Nei nostri riguardi fisseremo standard più elevati che mai. Le diamo credito per aver evidenziato la grave e diffusa diffidenza verso i media in tutto lo spettro politico. La sua campagna l’ha sfruttata, ed è stato per noi un rinnovato campanello d’allarme. Dobbiamo riconquistare la fiducia. E lo faremo attraverso un giornalismo accurato e senza paure, riconoscendo i nostri errori e rispettando i rigorosissimi standard etici che ci siamo prefissati.

Lavoreremo insieme.
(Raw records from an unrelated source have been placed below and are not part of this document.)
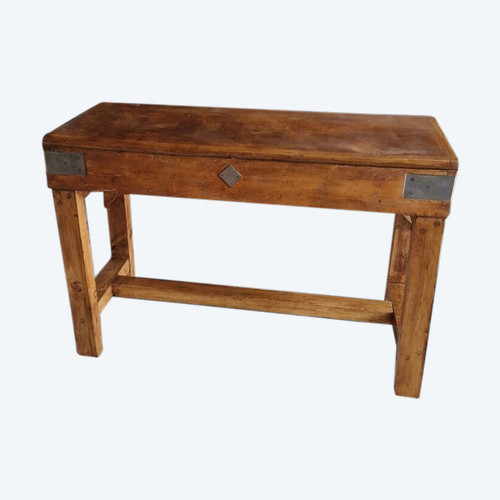 Billot De Boucher  table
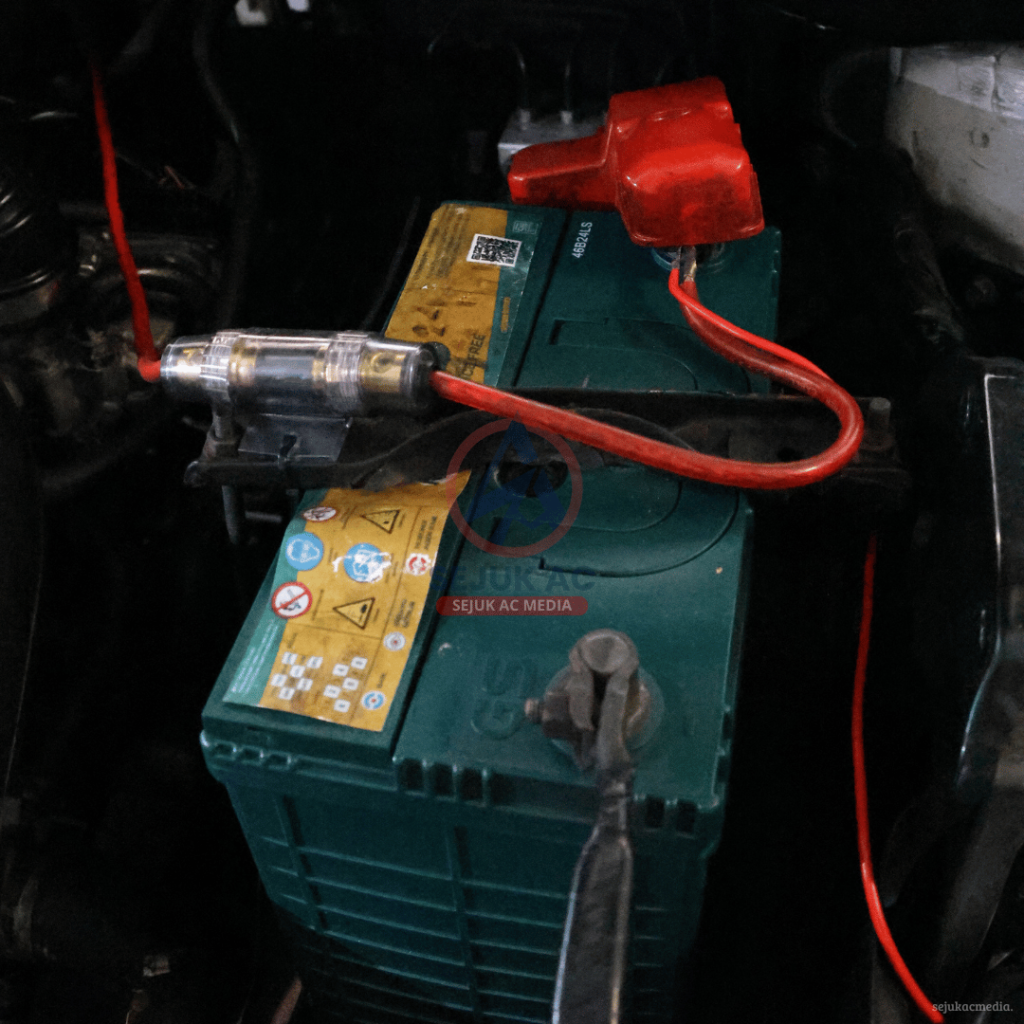 Indikator Aki Menyala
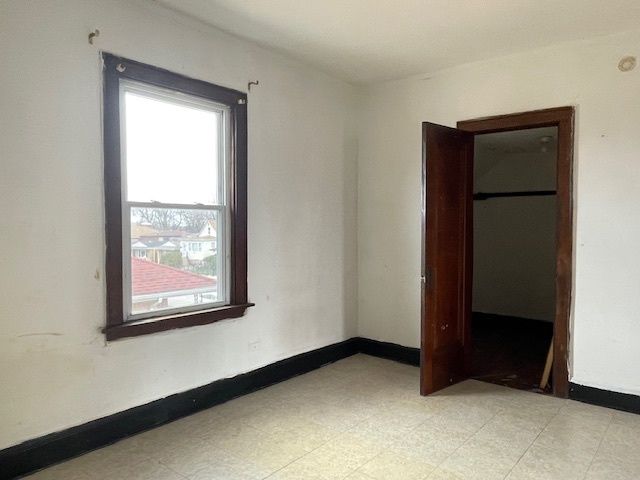 9958 S La Salle Street, Chicago, IL 60628
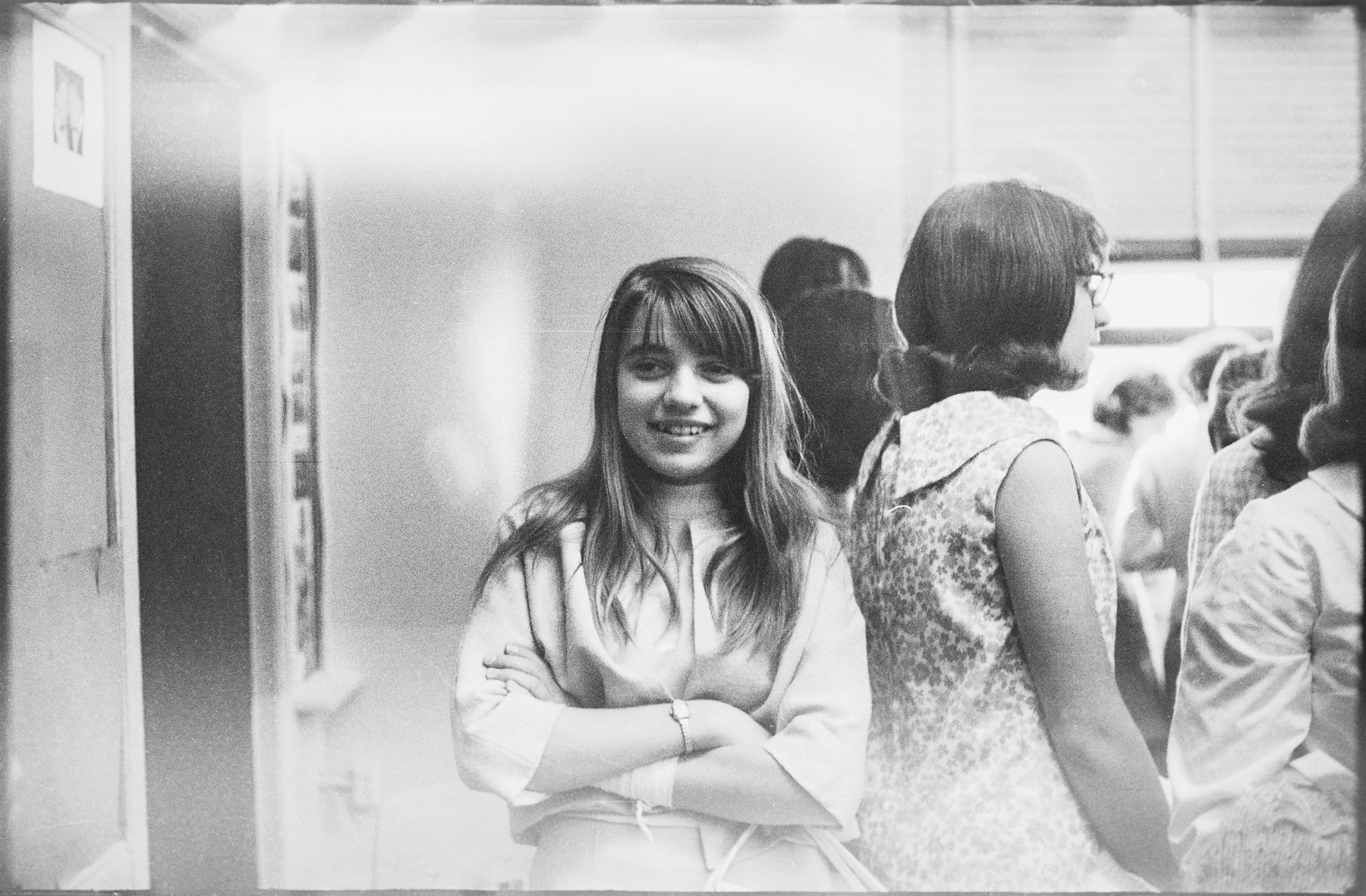 One of two images of this girl. Image #16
Si è tentato di dividerci e di utilizzare la profonda competitività tra i giornalisti per provocare lotte interne. Quei giorni stanno finendo. Ora riconosciamo che la sfida che lei ci ha lanciato richiede che collaboriamo e ci aiutiamo l’un l’altro, quando possibile. Così, quando durante una conferenza stampa aggredirà o ignorerà un reporter che ha detto qualcosa che non le piace, si troverà davanti un fronte unito. Quando ha una sua utilità, lavoreremo insieme alle storie, e ci assicureremo che il mondo comprenda quando i nostri colleghi scrivono storie rilevanti. Noi, naturalmente, abbiamo ancora disaccordi, e anche importanti dibattiti, sull’etica, il buon gusto o la correttezza di certi commenti. Ma questi dibattiti saranno nostri dall’inizio alla fine.

Stiamo giocando a una partita lunga. Nel migliore dei casi per lei, avrà questo lavoro per otto anni. Siamo stati presenti fin dalla fondazione della repubblica, e il nostro ruolo in questa grande democrazia è stato ratificato e rinforzato sempre più. Lei ci ha costretto a ripensare le domande fondamentali su chi siamo e sul perché ci troviamo qui. E per questo le siamo molto grati. Buon discorso inaugurale.